Conscientização da família sobre doação de órgãos ainda é desafio do SUS

MT realizou dois transplantes de rins este ano

(Foto: Elza Fiuza/ABr)

Neste domingo (27.09) é celebrado o Dia Nacional de Doação de Órgãos e Mato Grosso está entre os Estados de referência no transplante de córnea e rim. No caso do transplante renal, o procedimento foi reativado em janeiro deste ano pela Secretaria Estadual de Saúde (SES-MT), após mais de uma década paralisado.

Apesar da referência, ainda é baixo o número de doadores no próprio estado, pois há famílias que não são conscientes sobre a importância desse gesto e resistem em decidirem em prol do amor e solidariedade, situação que desafia o Sistema Único de Saúde (SUS) no âmbito estadual.

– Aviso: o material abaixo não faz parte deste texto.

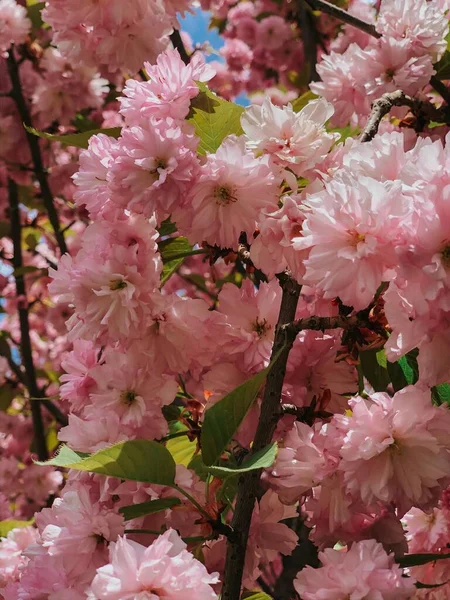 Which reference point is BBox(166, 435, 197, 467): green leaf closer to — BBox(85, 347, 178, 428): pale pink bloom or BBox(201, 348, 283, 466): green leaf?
BBox(85, 347, 178, 428): pale pink bloom

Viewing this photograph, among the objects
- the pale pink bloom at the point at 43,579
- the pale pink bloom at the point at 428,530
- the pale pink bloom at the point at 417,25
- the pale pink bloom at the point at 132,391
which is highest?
the pale pink bloom at the point at 417,25

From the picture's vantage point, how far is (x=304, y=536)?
6.93ft

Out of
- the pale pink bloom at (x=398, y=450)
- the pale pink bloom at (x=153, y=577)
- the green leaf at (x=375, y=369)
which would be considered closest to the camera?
the pale pink bloom at (x=153, y=577)

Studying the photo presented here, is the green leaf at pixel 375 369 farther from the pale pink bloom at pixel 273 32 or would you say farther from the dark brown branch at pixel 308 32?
the pale pink bloom at pixel 273 32

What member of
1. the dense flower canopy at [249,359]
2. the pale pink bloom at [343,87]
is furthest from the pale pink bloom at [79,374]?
the pale pink bloom at [343,87]

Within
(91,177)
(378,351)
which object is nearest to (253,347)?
(378,351)

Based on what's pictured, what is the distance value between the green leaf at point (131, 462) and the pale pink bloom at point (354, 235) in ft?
0.93

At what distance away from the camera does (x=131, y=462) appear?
92cm

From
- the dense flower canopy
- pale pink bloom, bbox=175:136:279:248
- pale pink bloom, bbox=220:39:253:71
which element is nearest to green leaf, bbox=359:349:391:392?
the dense flower canopy

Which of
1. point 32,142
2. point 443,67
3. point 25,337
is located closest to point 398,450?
point 443,67

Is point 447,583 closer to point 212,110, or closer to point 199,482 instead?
point 199,482

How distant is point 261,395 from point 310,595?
0.31 meters

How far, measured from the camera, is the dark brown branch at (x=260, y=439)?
94 cm

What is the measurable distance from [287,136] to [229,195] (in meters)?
0.12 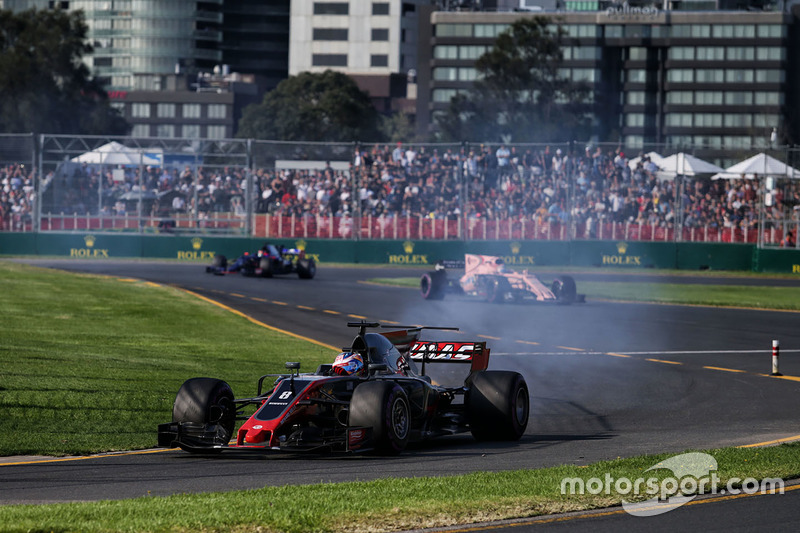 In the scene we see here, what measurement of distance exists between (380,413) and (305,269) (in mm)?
26320

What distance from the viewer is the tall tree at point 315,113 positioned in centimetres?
10619

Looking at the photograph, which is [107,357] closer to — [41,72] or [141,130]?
[41,72]

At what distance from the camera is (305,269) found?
37.2 m

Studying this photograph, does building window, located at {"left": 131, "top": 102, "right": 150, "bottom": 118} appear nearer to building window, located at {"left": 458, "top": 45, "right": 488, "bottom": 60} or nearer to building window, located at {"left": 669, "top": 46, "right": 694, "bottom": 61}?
building window, located at {"left": 458, "top": 45, "right": 488, "bottom": 60}

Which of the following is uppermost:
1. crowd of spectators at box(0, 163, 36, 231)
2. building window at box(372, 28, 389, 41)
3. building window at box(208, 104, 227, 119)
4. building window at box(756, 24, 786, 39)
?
building window at box(372, 28, 389, 41)

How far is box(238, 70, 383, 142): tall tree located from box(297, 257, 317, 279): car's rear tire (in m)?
67.5

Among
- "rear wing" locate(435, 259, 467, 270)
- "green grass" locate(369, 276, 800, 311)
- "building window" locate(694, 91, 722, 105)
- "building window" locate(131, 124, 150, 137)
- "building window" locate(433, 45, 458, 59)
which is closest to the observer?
"rear wing" locate(435, 259, 467, 270)

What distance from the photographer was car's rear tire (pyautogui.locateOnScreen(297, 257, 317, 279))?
122 ft

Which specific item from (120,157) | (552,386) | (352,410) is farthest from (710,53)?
Answer: (352,410)

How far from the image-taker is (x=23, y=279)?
3203 cm

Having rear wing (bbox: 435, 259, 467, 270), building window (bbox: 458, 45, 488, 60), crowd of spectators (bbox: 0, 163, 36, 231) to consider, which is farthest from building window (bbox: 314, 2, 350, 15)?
rear wing (bbox: 435, 259, 467, 270)

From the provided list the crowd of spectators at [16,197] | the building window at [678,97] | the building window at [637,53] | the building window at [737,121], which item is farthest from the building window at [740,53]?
the crowd of spectators at [16,197]

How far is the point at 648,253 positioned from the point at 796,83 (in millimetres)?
75726

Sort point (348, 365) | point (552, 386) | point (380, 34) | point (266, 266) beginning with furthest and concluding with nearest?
point (380, 34) < point (266, 266) < point (552, 386) < point (348, 365) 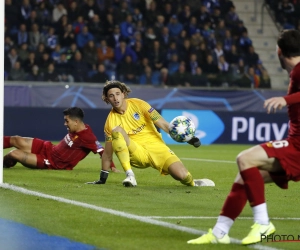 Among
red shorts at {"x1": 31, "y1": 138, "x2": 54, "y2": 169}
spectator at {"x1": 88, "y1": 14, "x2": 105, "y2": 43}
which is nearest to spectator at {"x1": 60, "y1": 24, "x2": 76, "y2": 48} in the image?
spectator at {"x1": 88, "y1": 14, "x2": 105, "y2": 43}

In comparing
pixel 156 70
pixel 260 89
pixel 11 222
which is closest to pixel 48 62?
pixel 156 70

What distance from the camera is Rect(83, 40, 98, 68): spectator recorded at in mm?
21766

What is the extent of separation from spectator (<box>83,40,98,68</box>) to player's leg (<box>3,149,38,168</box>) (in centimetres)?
897

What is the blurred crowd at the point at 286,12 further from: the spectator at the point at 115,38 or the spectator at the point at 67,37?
the spectator at the point at 67,37

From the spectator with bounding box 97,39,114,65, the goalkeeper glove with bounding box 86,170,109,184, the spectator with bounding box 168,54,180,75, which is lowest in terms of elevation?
the goalkeeper glove with bounding box 86,170,109,184

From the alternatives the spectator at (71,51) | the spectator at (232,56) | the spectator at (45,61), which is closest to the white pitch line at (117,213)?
the spectator at (45,61)

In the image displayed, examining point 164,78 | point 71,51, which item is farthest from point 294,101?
point 164,78

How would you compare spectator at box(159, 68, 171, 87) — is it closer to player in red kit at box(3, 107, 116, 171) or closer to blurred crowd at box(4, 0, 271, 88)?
blurred crowd at box(4, 0, 271, 88)

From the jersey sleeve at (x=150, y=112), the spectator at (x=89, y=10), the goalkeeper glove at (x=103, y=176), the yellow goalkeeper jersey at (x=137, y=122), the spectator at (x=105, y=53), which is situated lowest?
the goalkeeper glove at (x=103, y=176)

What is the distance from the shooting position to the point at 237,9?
2722cm

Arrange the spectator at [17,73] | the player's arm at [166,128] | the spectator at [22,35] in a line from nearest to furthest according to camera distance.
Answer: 1. the player's arm at [166,128]
2. the spectator at [17,73]
3. the spectator at [22,35]

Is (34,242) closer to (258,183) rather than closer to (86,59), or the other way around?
(258,183)

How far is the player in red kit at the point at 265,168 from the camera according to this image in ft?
19.3

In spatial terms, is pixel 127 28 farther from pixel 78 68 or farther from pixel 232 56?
pixel 232 56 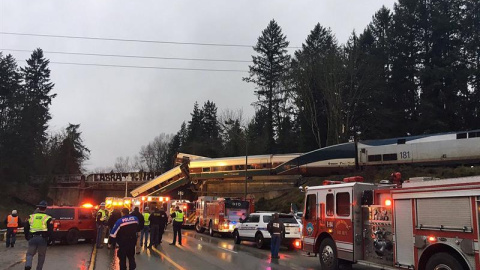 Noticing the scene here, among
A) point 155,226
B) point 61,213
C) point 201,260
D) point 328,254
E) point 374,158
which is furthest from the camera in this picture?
point 374,158

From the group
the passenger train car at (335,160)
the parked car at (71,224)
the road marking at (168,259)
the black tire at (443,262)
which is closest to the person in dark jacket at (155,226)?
the road marking at (168,259)

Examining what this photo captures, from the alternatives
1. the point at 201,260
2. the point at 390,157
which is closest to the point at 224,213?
the point at 201,260

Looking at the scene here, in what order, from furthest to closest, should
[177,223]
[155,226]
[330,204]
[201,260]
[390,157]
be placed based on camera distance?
[390,157]
[177,223]
[155,226]
[201,260]
[330,204]

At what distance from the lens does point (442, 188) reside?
27.8ft

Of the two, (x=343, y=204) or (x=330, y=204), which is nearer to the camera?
(x=343, y=204)

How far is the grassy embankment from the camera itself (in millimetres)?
30734

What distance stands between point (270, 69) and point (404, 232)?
65.8m

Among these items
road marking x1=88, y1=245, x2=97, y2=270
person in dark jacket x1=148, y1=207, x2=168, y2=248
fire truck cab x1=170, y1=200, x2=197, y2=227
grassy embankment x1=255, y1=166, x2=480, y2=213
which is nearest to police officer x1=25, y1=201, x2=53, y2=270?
road marking x1=88, y1=245, x2=97, y2=270

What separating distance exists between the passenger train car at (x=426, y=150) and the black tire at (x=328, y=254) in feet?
81.3

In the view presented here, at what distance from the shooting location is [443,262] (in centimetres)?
828

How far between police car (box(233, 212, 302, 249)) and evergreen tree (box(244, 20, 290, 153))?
4926cm

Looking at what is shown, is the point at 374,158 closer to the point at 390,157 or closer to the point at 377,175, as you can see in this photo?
the point at 390,157

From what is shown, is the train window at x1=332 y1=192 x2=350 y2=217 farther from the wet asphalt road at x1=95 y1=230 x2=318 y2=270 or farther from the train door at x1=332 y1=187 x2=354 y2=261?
the wet asphalt road at x1=95 y1=230 x2=318 y2=270

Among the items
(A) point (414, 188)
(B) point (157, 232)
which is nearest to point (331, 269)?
(A) point (414, 188)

Conforme dados da Gerência de Acompanhamento e Controle de Transplantes da SES, em 2019 foram realizados 131 transplantes de córneas. Desses, apenas três eram doadores de Mato Grosso. Neste ano, devido à pandemia pela Covid 19, a redução no número de doações foi ainda mais acentuada.

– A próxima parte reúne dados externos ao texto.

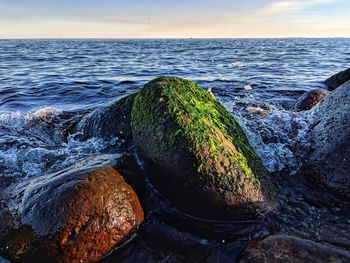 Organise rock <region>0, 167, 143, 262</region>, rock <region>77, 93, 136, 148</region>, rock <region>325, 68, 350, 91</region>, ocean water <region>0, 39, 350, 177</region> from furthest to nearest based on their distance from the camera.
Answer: rock <region>325, 68, 350, 91</region> → rock <region>77, 93, 136, 148</region> → ocean water <region>0, 39, 350, 177</region> → rock <region>0, 167, 143, 262</region>

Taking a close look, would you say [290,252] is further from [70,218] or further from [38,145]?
[38,145]

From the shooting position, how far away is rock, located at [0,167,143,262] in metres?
3.58

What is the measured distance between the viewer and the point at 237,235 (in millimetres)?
3934

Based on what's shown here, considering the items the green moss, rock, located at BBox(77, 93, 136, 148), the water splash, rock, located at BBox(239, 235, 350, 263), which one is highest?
the green moss

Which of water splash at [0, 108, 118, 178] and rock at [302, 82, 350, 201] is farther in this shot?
water splash at [0, 108, 118, 178]

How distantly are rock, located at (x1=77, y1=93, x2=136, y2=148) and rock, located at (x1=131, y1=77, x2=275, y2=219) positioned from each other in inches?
53.2

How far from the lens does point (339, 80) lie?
1170cm

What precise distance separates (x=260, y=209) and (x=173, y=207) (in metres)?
0.99

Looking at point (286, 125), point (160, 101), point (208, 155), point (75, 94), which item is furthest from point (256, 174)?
point (75, 94)

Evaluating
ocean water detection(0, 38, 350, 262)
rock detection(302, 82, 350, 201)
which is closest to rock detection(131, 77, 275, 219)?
ocean water detection(0, 38, 350, 262)

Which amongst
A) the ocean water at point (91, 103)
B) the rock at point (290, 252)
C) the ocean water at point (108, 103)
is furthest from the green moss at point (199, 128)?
the ocean water at point (91, 103)

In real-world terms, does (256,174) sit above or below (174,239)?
above

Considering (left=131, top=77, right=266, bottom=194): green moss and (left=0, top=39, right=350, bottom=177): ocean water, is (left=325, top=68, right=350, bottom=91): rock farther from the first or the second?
(left=131, top=77, right=266, bottom=194): green moss

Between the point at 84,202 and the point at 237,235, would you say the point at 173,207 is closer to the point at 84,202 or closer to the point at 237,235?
the point at 237,235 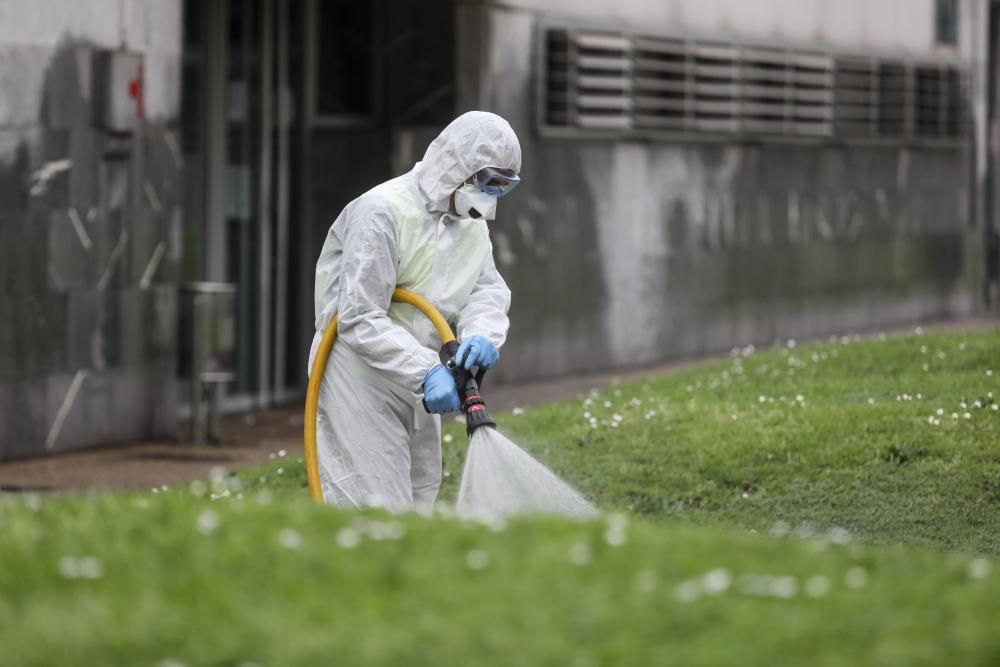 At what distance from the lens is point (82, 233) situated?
12070mm

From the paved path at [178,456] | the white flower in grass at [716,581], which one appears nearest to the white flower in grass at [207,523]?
the white flower in grass at [716,581]

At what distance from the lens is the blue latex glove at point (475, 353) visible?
22.4 ft

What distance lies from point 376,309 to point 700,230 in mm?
11746

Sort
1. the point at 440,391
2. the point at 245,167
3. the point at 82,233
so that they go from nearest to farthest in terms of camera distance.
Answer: the point at 440,391, the point at 82,233, the point at 245,167

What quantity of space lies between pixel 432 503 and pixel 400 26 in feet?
29.5

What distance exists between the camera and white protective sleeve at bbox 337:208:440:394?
676 centimetres

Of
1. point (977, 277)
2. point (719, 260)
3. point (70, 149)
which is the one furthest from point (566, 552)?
point (977, 277)

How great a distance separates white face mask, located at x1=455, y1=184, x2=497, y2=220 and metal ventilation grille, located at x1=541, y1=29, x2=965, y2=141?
29.9ft

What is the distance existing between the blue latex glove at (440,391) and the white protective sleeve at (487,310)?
31 cm

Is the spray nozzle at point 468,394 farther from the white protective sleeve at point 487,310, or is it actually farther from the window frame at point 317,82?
the window frame at point 317,82

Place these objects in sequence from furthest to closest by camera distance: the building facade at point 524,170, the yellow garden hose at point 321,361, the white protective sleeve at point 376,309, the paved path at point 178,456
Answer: the building facade at point 524,170 < the paved path at point 178,456 < the yellow garden hose at point 321,361 < the white protective sleeve at point 376,309

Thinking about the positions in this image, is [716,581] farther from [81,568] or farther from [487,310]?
[487,310]

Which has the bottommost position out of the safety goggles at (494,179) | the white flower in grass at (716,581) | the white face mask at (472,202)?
the white flower in grass at (716,581)

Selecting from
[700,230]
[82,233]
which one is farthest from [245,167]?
[700,230] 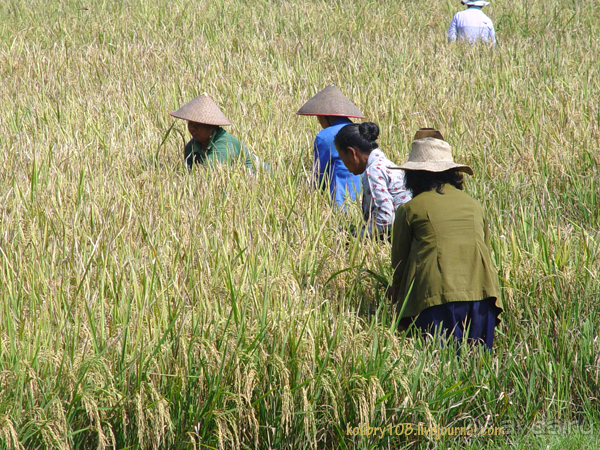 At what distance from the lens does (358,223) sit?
348 cm

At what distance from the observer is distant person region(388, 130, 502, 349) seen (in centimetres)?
262

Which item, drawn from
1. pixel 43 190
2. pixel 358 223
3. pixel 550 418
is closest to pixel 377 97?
pixel 358 223

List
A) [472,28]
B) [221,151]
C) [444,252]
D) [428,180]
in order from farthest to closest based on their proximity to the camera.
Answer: [472,28]
[221,151]
[428,180]
[444,252]

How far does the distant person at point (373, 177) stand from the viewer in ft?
11.2

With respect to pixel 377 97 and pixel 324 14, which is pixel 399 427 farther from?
pixel 324 14

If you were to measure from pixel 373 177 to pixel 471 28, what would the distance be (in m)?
5.01

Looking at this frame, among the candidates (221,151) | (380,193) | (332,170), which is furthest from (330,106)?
(380,193)

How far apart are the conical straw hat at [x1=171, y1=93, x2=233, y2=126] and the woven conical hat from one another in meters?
0.60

Dados mostram que foram realizados 73 transplantes, sendo 71 de córneas e dois de rim. Do total de transplantes ocorridos neste ano, somente um doador era de Mato Grosso.

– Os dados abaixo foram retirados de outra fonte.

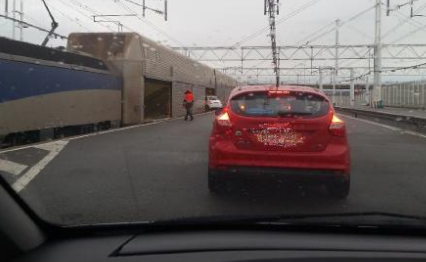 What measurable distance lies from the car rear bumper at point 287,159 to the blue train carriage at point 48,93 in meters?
8.22

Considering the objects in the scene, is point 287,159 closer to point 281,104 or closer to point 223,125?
point 281,104

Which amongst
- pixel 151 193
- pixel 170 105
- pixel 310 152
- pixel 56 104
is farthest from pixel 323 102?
pixel 170 105

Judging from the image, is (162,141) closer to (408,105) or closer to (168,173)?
(168,173)

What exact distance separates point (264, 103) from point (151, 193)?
1.90 metres

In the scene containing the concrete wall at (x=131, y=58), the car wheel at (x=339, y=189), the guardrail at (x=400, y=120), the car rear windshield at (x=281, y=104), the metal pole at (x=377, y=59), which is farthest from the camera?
the metal pole at (x=377, y=59)

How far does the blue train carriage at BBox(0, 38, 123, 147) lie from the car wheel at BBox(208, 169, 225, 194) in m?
7.89

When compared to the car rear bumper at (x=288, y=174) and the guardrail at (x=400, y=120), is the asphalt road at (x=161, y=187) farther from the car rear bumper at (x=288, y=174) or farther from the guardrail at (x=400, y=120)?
the guardrail at (x=400, y=120)

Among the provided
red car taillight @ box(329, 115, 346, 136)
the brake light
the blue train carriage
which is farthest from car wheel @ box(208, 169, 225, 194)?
the blue train carriage

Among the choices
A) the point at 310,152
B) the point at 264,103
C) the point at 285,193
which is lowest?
the point at 285,193

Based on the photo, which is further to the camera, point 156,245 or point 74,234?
point 74,234

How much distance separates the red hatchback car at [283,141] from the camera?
7855 millimetres

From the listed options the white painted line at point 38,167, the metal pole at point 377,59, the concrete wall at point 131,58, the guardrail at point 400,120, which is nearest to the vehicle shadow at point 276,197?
the white painted line at point 38,167

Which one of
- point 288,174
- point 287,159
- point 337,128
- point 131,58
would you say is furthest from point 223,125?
point 131,58

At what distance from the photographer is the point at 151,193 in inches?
332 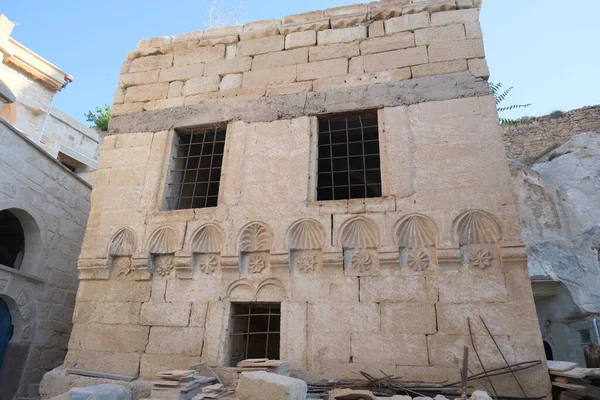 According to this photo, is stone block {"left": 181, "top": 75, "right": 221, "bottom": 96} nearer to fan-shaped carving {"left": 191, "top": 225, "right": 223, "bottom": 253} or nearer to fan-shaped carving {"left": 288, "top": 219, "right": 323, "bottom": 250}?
fan-shaped carving {"left": 191, "top": 225, "right": 223, "bottom": 253}

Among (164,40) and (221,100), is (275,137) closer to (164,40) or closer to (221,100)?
(221,100)

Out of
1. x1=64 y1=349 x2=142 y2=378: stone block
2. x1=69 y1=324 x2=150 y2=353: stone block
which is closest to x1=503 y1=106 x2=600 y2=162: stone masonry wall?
x1=69 y1=324 x2=150 y2=353: stone block

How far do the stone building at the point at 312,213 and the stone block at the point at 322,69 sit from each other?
1.1 inches

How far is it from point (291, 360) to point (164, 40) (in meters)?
5.09

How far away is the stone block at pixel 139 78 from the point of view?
615cm

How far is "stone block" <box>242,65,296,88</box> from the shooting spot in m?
5.56

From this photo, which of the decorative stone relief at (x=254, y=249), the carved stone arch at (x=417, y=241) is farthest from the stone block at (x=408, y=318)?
the decorative stone relief at (x=254, y=249)

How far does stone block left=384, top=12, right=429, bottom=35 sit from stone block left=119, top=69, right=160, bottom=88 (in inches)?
137

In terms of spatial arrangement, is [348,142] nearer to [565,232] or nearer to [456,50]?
[456,50]

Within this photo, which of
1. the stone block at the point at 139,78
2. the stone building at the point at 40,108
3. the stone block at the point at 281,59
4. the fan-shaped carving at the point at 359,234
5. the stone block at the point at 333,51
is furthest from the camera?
the stone building at the point at 40,108

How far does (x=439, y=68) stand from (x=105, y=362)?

Além da baixa taxa de autorização da família do doador falecido e a negativa de doadores vivos, também está entre os fatores que limitam a doação de órgãos e tecidos a subnotificação dos casos suspeitos de morte encefálica, pois a demora na notificação por parte dos hospitais ocasiona a impossibilidade de concluir o diagnóstico ou inviabiliza os órgãos/tecidos para doação.

A secretária adjunta de Regulação, Controle e Avaliação da SES, Fabiana Bardi, explica que a captação de órgãos e o transplante podem ser realizados durante a pandemia.

“Tivemos no início, quando havia muitas dúvidas relacionadas ao coronavírus, uma paralisação em todo o país. Porém, com a ampliação do conhecimento por parte dos profissionais da saúde, hoje o transplante pode ser retomado”, informou.

Novos protocolos

A retomada da captação e transplante em Mato Grosso segue os critérios estabelecidos pelo Sistema Nacional de Transplante (SNT). Para que o processo seja seguro e tenha os resultados esperados, a nova conduta exige que o doador, o paciente receptor e a equipe médica que irá realizar o procedimento façam exames a fim de detectar ou não a Covid-19.

Conforme a coordenadora de Acompanhamento e Controle de Transplantes da SES, Anita Ricarda da Silva, a Central de Transplante articula junto à Superintendência de Vigilância em Saúde e ao Laboratório Central do Estado (Lacen-MT) a garantia do teste RT-PCR para os envolvidos no processo ambulatoriais e cirúrgico.

“Estamos concluindo um fluxo de trabalho de acordo com as orientações do Ministério da Saúde e Anvisa. Vamos apresentar o fluxo ao Sistema Nacional de Transplante para proteger tanto as pessoas que receberão os órgãos e tecidos e os doadores, assim como também os profissionais envolvidos durante o processo”, acrescenta Anita.

Segundo a coordenadora, as unidades hospitalares credenciadas para realizar o transplante de córnea são: Instituto Da Visão/Visionare; Hospital dos Olhos e Centro Cuiabano de Excelência em Oftalmologia, além do Banco de Olhos de Cuiabá, que é parceiro para captação, preservação, armazenamento e avaliação de córneas. Já o hospital credenciado para realizar transplante de rim é o Hospital Santa Rosa, em Cuiabá.